Cinesi che acquisiscono le bancarelle dei nostri mercati rionali oltre a svariate attività commerciali, francesi che fanno man bassa nel lattiero caseario, arabi che acquistano interi blocchi immobiliari, americani che mettono le mani sull’alta velocità. Un elenco infinito davanti al quale si rimane praticamente allibiti.
Già nel 2013 Crozza aveva anticipato questa grave tendenza:

http://www.la7.it/coffee-break/video/crozza-italia-paese-in-vendita-25-09-2013-123249 

Ma perchè chi dovrebbe intervenire non dice e non fa nulla? Pensatela come volete ma oltre all’ignoranza e all’incapacità di fondo dei nostri responsabili politici e sindacali sorge un chiaro dubbio di interesse commerciale privato. Mazzette, regalini, favoritismi? Non possiamo dimostrarlo ma, come diceva zio Giulio, “fidarsi è bene, non fidarsi è meglio“.
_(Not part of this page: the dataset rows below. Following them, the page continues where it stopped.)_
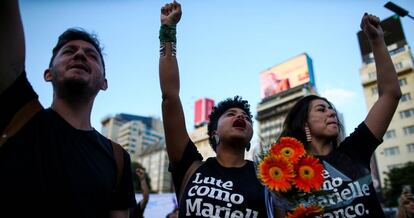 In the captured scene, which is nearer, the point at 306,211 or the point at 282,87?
the point at 306,211

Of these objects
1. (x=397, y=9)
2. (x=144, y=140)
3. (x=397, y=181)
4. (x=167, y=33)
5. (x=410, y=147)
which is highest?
(x=144, y=140)

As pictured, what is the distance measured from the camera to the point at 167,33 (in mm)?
2908

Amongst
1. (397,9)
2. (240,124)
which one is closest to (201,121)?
(397,9)

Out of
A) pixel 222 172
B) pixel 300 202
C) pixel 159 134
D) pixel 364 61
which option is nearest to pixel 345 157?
pixel 300 202

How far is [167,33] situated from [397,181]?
123 ft

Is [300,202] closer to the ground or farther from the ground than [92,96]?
closer to the ground

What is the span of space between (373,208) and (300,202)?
765 mm

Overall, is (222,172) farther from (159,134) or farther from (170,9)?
(159,134)

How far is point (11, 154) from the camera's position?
63.1 inches

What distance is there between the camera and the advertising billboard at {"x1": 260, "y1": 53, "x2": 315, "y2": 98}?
53750 mm

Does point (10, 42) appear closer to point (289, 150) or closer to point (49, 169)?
point (49, 169)

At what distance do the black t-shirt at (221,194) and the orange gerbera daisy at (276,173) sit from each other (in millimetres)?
438

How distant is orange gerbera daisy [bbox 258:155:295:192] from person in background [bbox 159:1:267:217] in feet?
1.53

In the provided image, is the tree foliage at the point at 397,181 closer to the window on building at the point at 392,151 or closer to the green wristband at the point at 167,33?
the window on building at the point at 392,151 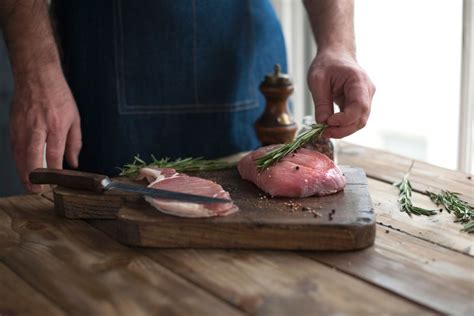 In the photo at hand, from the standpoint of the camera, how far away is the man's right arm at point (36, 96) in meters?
1.62

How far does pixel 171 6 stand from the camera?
73.5 inches

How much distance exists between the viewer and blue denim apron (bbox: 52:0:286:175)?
1.87m

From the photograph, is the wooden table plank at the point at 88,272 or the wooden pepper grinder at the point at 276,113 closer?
the wooden table plank at the point at 88,272

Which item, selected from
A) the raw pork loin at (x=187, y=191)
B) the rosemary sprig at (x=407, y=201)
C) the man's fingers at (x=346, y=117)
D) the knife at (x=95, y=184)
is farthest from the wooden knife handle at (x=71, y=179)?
the rosemary sprig at (x=407, y=201)

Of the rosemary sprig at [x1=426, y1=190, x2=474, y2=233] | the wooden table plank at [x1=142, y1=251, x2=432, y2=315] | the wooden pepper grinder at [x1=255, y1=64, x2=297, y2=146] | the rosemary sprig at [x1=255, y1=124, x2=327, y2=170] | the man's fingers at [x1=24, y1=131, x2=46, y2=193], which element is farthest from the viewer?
the wooden pepper grinder at [x1=255, y1=64, x2=297, y2=146]

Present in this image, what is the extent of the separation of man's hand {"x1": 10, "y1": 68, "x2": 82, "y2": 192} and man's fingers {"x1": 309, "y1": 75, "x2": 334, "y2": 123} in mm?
568

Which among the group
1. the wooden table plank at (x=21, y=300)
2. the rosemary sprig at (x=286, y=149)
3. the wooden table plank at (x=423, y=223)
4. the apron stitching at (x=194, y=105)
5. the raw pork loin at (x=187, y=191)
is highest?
the apron stitching at (x=194, y=105)

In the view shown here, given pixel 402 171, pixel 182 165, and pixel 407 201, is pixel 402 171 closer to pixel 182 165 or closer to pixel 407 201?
pixel 407 201

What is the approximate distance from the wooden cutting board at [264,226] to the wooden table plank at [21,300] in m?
0.22

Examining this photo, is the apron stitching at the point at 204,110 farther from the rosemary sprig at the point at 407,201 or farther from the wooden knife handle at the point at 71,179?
the rosemary sprig at the point at 407,201

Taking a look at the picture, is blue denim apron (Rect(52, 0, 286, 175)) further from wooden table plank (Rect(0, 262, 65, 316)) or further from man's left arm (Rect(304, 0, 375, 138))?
wooden table plank (Rect(0, 262, 65, 316))

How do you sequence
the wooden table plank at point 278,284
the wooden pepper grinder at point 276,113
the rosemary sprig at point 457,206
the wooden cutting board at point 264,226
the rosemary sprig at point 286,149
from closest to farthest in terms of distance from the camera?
the wooden table plank at point 278,284, the wooden cutting board at point 264,226, the rosemary sprig at point 457,206, the rosemary sprig at point 286,149, the wooden pepper grinder at point 276,113

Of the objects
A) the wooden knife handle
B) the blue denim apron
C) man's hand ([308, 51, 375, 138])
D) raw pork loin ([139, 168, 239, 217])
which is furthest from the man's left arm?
the wooden knife handle

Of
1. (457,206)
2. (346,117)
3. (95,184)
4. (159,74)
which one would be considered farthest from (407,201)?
(159,74) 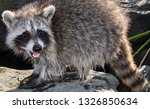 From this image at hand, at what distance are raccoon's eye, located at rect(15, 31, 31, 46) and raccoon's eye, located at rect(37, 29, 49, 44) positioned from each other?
0.43 ft

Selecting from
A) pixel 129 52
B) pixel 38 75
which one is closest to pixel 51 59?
pixel 38 75

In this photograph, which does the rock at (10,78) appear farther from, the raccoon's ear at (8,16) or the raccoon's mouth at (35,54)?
the raccoon's ear at (8,16)

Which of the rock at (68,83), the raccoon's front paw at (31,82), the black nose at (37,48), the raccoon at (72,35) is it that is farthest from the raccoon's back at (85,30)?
the black nose at (37,48)

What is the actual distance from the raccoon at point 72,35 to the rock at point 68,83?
0.49 ft

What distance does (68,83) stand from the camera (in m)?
7.21

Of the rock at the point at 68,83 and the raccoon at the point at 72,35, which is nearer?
the rock at the point at 68,83

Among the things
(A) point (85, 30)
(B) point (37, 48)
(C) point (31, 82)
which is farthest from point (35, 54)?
(A) point (85, 30)

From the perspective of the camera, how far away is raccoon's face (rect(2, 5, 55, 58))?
6.82 metres

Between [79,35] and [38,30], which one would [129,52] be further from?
[38,30]

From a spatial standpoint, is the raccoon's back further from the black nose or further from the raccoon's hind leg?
the black nose

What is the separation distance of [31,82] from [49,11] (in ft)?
3.11

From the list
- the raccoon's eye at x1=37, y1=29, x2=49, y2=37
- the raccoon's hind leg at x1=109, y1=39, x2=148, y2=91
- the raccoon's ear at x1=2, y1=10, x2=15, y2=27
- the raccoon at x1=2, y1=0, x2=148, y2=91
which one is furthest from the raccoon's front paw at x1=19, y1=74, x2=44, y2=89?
the raccoon's hind leg at x1=109, y1=39, x2=148, y2=91

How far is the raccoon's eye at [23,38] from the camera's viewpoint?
6.92m

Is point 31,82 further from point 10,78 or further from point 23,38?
point 23,38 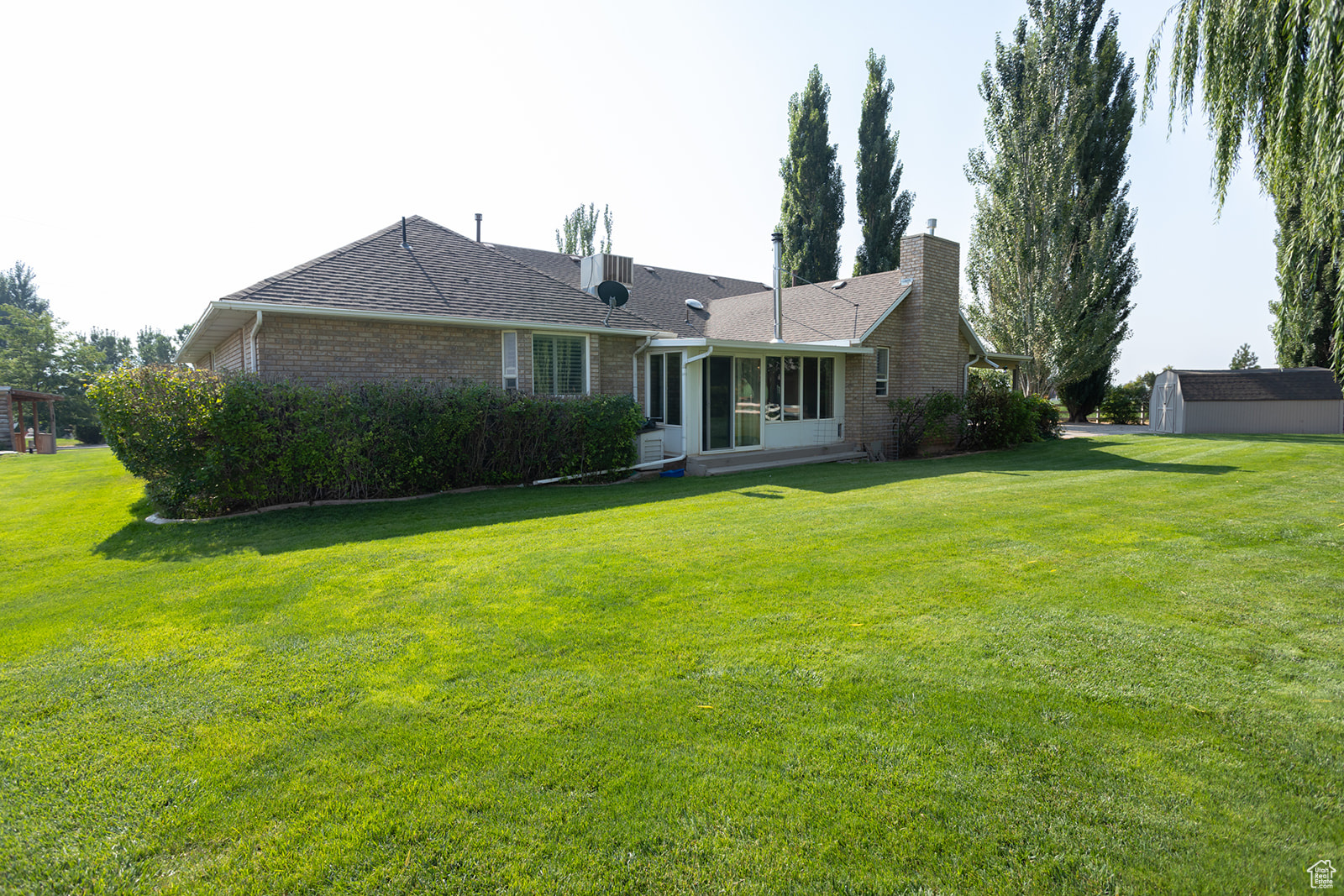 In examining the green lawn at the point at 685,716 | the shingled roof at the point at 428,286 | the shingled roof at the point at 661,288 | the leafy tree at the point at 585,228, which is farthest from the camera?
the leafy tree at the point at 585,228

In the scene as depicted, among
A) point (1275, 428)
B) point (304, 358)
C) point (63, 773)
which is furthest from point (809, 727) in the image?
point (1275, 428)

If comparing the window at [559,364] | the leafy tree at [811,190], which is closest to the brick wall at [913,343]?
the window at [559,364]

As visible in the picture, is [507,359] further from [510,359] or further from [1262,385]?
[1262,385]

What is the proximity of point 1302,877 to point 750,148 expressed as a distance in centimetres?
1776

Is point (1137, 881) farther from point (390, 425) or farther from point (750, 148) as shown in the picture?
point (750, 148)

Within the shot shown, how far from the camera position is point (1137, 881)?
7.20 ft

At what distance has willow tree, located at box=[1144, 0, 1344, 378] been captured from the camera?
4.12 m

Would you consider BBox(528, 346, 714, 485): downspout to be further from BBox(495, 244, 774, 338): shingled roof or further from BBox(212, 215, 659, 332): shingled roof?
BBox(495, 244, 774, 338): shingled roof

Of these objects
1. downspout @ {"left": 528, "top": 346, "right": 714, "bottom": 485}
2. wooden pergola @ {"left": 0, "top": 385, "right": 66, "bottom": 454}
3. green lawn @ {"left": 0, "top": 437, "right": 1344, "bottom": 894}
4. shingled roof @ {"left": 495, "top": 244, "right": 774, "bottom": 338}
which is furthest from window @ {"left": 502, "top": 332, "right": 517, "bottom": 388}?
wooden pergola @ {"left": 0, "top": 385, "right": 66, "bottom": 454}

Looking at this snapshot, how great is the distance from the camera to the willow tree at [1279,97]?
4.12m

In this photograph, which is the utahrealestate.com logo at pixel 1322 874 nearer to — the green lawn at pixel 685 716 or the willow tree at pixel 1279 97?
the green lawn at pixel 685 716

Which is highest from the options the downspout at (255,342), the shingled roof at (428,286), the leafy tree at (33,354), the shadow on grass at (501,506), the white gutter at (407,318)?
the leafy tree at (33,354)

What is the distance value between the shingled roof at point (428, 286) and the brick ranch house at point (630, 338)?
0.14ft

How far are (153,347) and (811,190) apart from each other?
6930cm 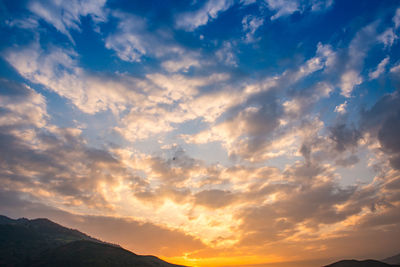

La vendita delle nostre aziende porta inevitabilmente a ristrutturazioni interne aziendali con notevoli conseguenze occupazionali, dirette ed indirette, oltre alla perdita del ruolo di presidio territoriale che queste aziende storiche hanno effettuato dalla loro nascita.
A queste multinazionali non interessa l’eccellenza italiana ma unicamente il profitto, con buona pace dei proclami pubblici in TV a cui più nessuno crede.